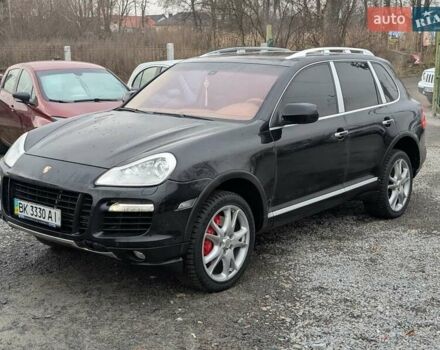 Черный Порше Каен, объемом двигателя 4.8 л и пробегом 120 тыс. км за 10950 $, фото 3 на Automoto.ua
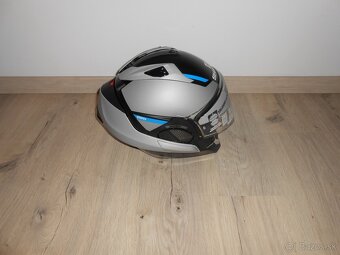 Predam krasnu novu moto prilbu znacky SHARK EVO GT SEAN - 16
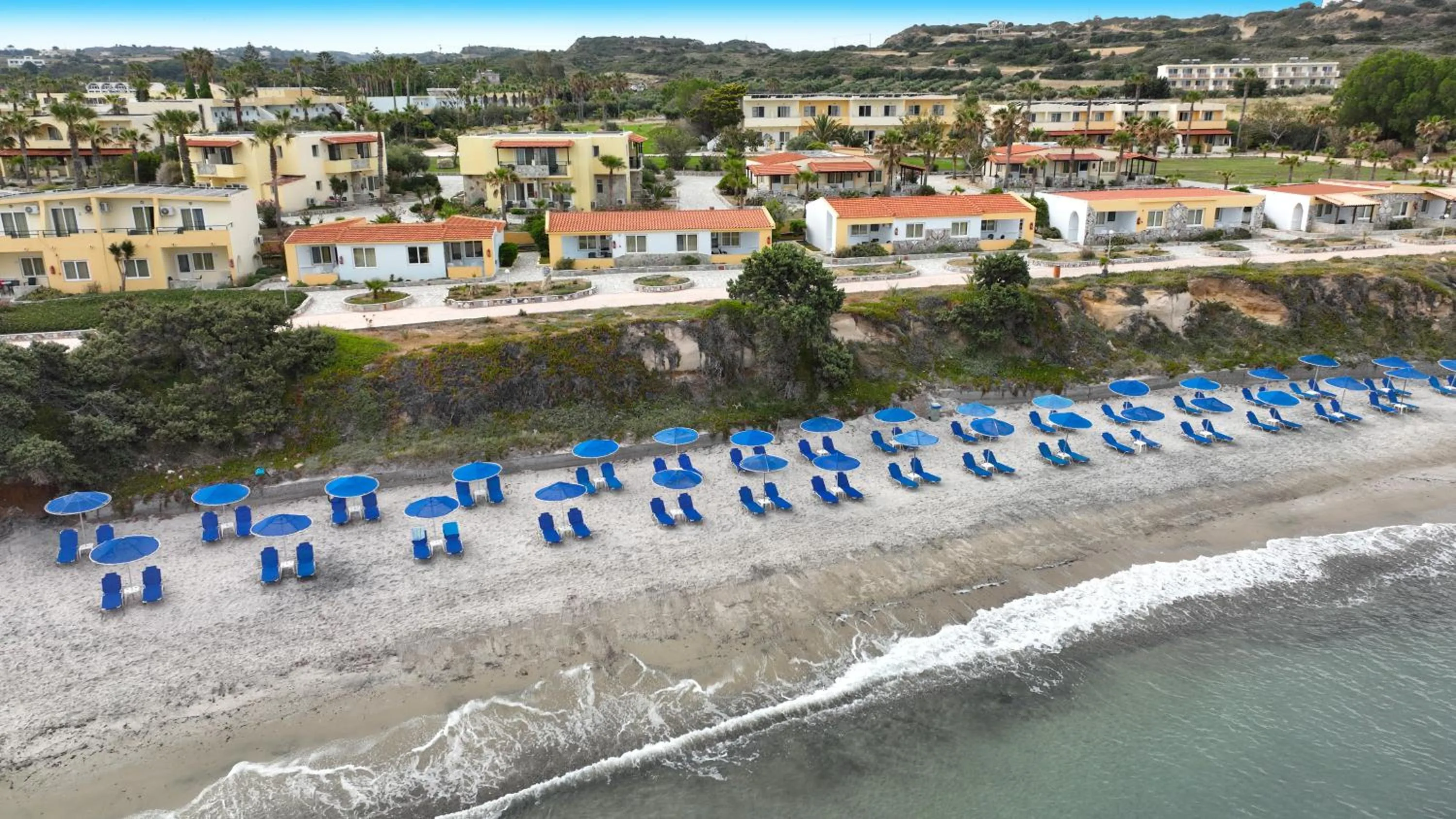 Property building in Eurovillage Achilleas Hotel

- _EXERCISE BRIEF_
Reproduce exactly the lines above from the one with "Predam krasnu novu" through the last line of the data, keeping both ends and dropping the pictures.

- _RESPONSE TO THE TASK_
 Predam krasnu novu moto prilbu znacky SHARK EVO GT SEAN - 16
 Property building in Eurovillage Achilleas Hotel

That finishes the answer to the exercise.